A few years ago we were fortunate enough to do a cruise of the British Isles and the last stop was La Havre, France which is near enough to Normandy that we didn't have to think about any other excursion. It was a twelve hour day with an informative guide and lots of emotions.
There aren't really any words to describe the feeling of the place. But my experience was profound in ways I didn't expect. Beaches famous for fierce fighting and massive loss of life are now strewn with running children spending the day by the sea with sunbathing parents. Photos of beautiful landscapes marred by barbed wire. A carousel at the site of more heroic deeds and loss of life.
Arromanches-les-Bains (Gold Beach on D-Day)

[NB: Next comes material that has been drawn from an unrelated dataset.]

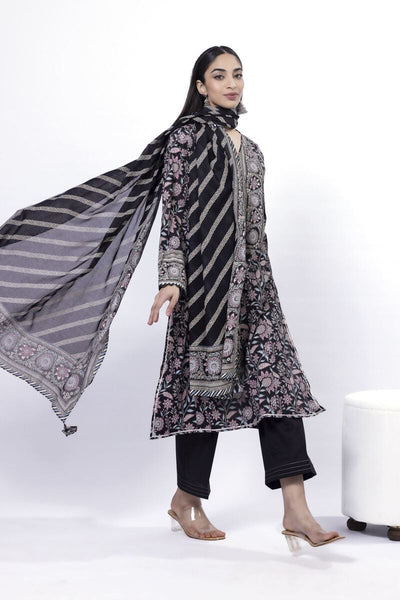 Embroidered | Lawn Fabrics 3 Piece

At Normandy American Cemetery
Omaha Beach. The tour buses are lined up and tourists, mostly of a certain age visit the site and read the memorials. Pictures are taken, with no one exactly sure whether or not it is appropriate to smile in them. It seems like a sacred place.
Then just beyond where you see that stone monument, there are steps going down to the beach. It took me by surprise to see these happy French families enjoying a holiday, children running and playing, parents laughing, sunning. I stood on the steps and looked up at older tourists, mostly American, pointing and discussing the historical significance of the place. I looked down and saw what could easily have been any beach in the world. I wondered what those men who died here would think of that. I could imagine that they might tell us that was exactly what they'd fought here for. After all what better memorial could there be than those free French children? I couldn't help but think that if they are aware of it, it would surely make them smile.
The following pictures are taken in and around the machine gun nest at Pointe du Hoc:
Everything about it makes it feel like what was accomplished here was an impossible task.